* Aim of the task
Return, exactly and with nothing added, the line with "Zara Gray Jeans" together with all lines after it through the end of the data below. No pictures belong in the copy.
------
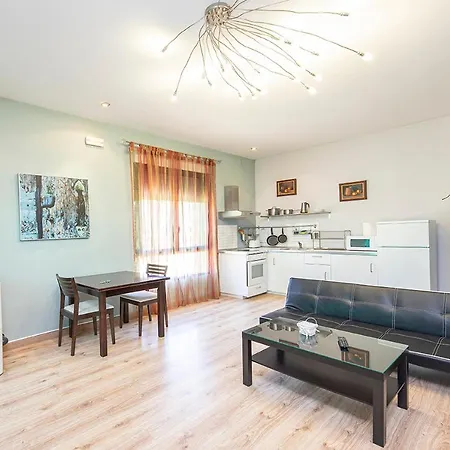 Country house Apartamentos El Capricho *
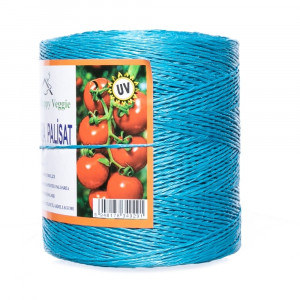 Ata de palisat legume, Nova, protectie UV, 1 Kg, 1800m, verde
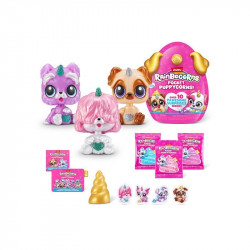 Rainbocorns, pocket puppycorn meglepetés nagy 20-40 cm Zuru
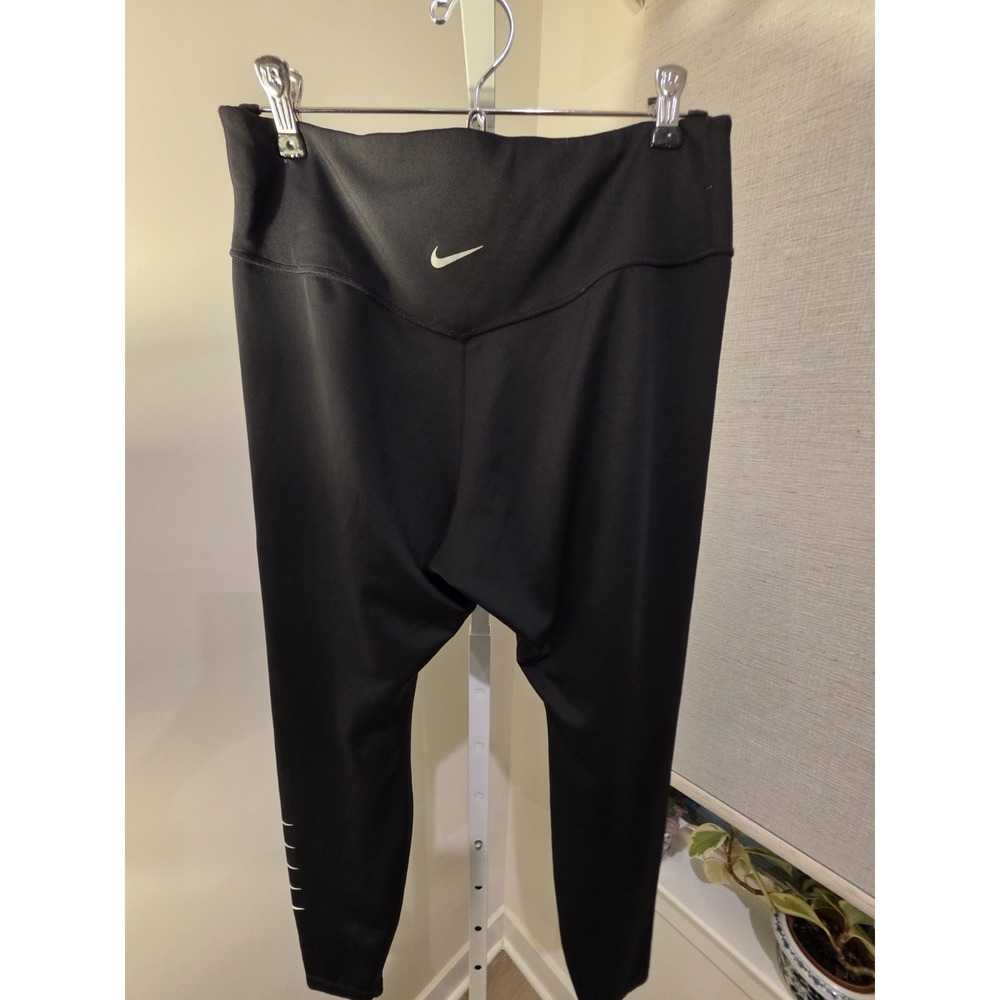 Nike Black Women's Leggings Large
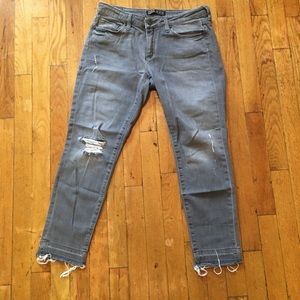 Zara Gray Jeans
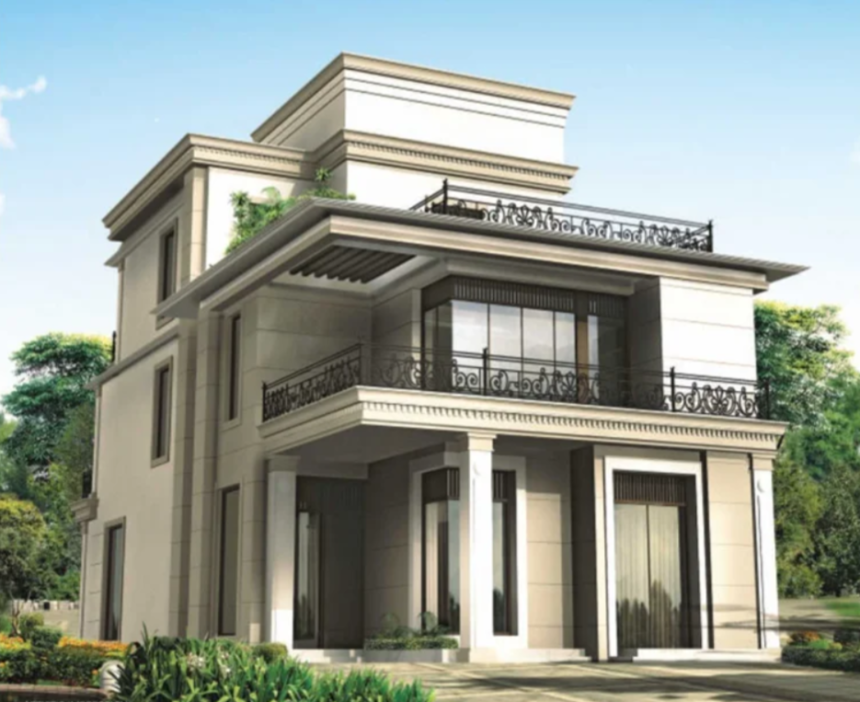 Residential Plots in Sector 63A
------
* Finished task
 Zara Gray Jeans
 Residential Plots in Sector 63A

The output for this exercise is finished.